Exercise details :: Reproduce the data below in full and exclude every picture.

Given data ::

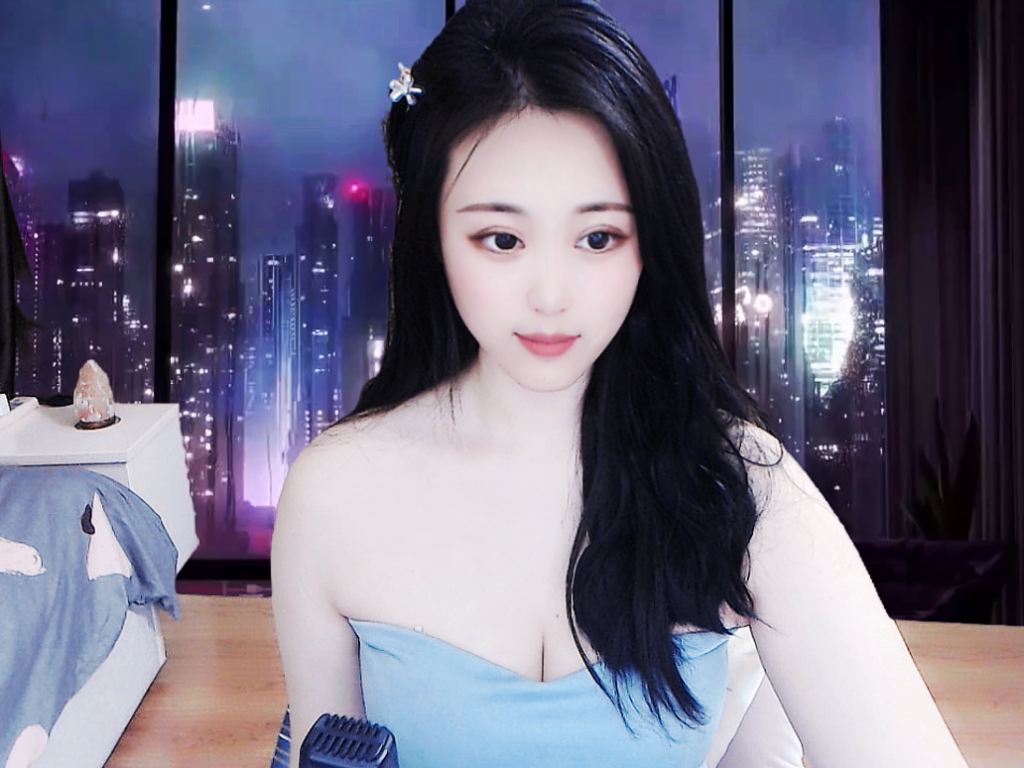 倾颜🍒7月遇见美好主播图片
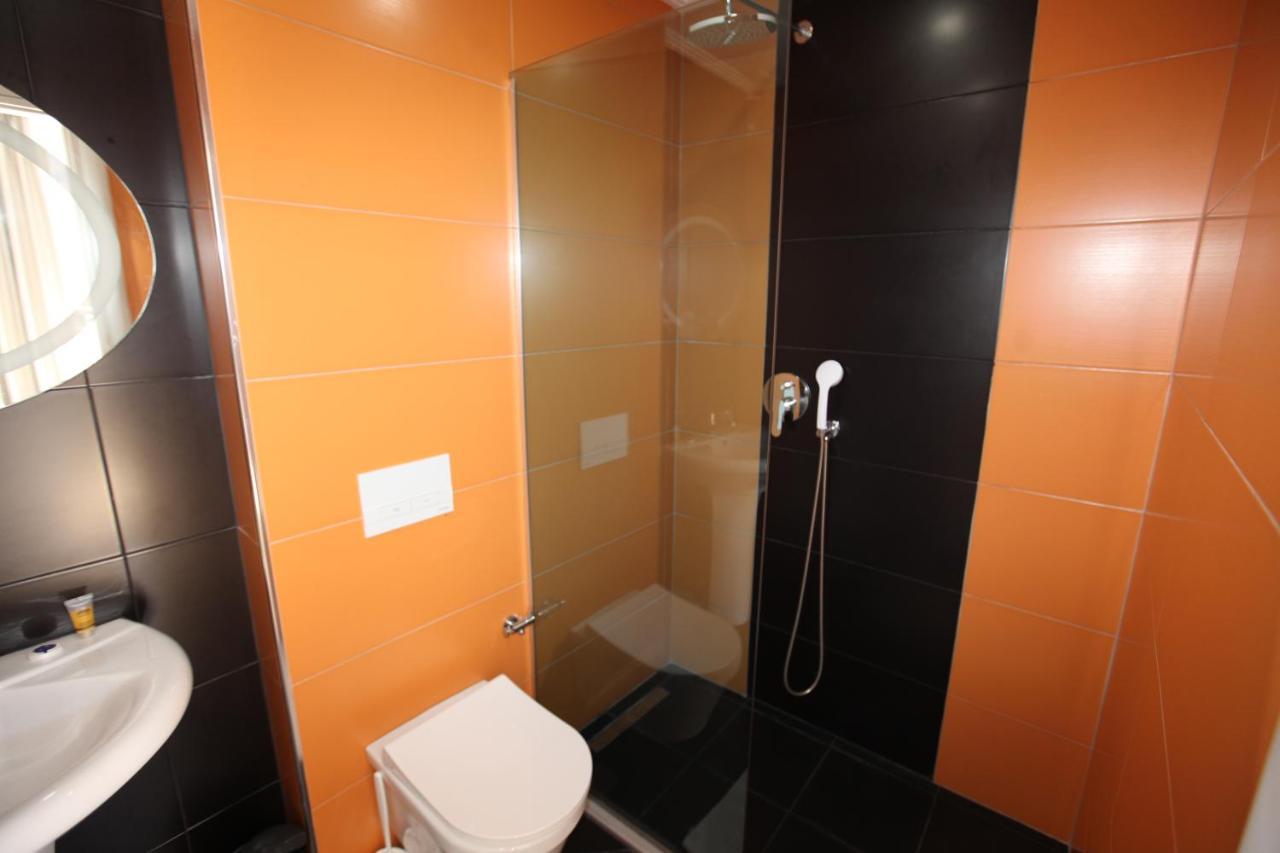 Nika Hotel Saranda Dış mekan fotoğraf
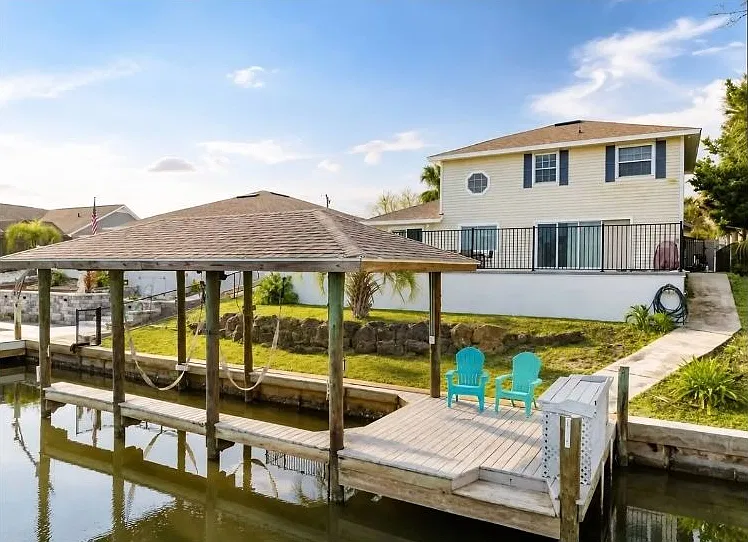 3 bed, $4,900 — Photo 2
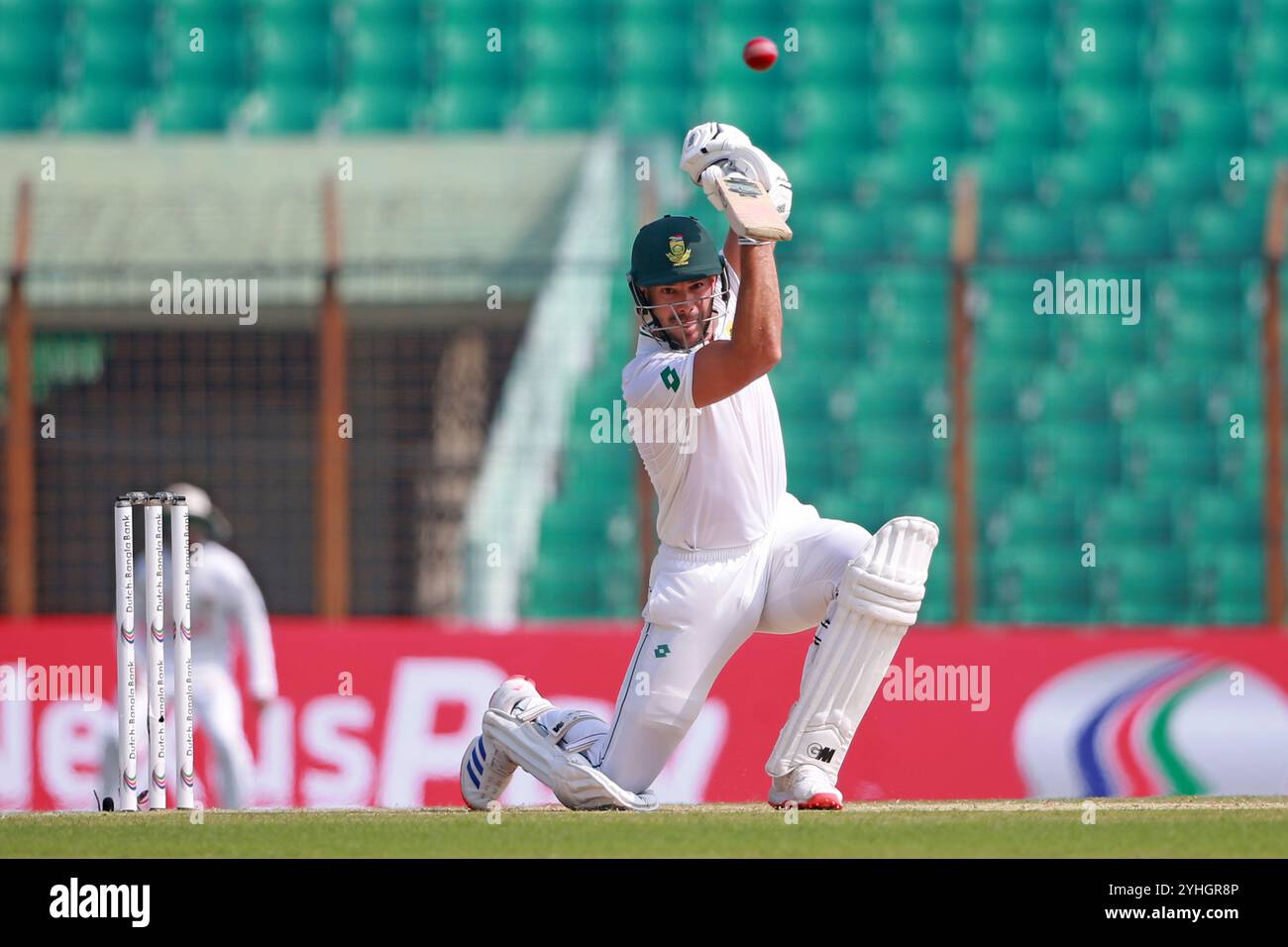 Aiden Markram schlägt während des ersten Testtages in Bangladesch und Südafrika im Zahur Ahmed Chowdhury Stadium in Sagorika, Chattogram, Bangladesch, Oktob Stockfoto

Response to this exercise ::
 倾颜🍒7月遇见美好主播图片
 Nika Hotel Saranda Dış mekan fotoğraf
 3 bed, $4,900 — Photo 2
 Aiden Markram schlägt während des ersten Testtages in Bangladesch und Südafrika im Zahur Ahmed Chowdhury Stadium in Sagorika, Chattogram, Bangladesch, Oktob Stockfoto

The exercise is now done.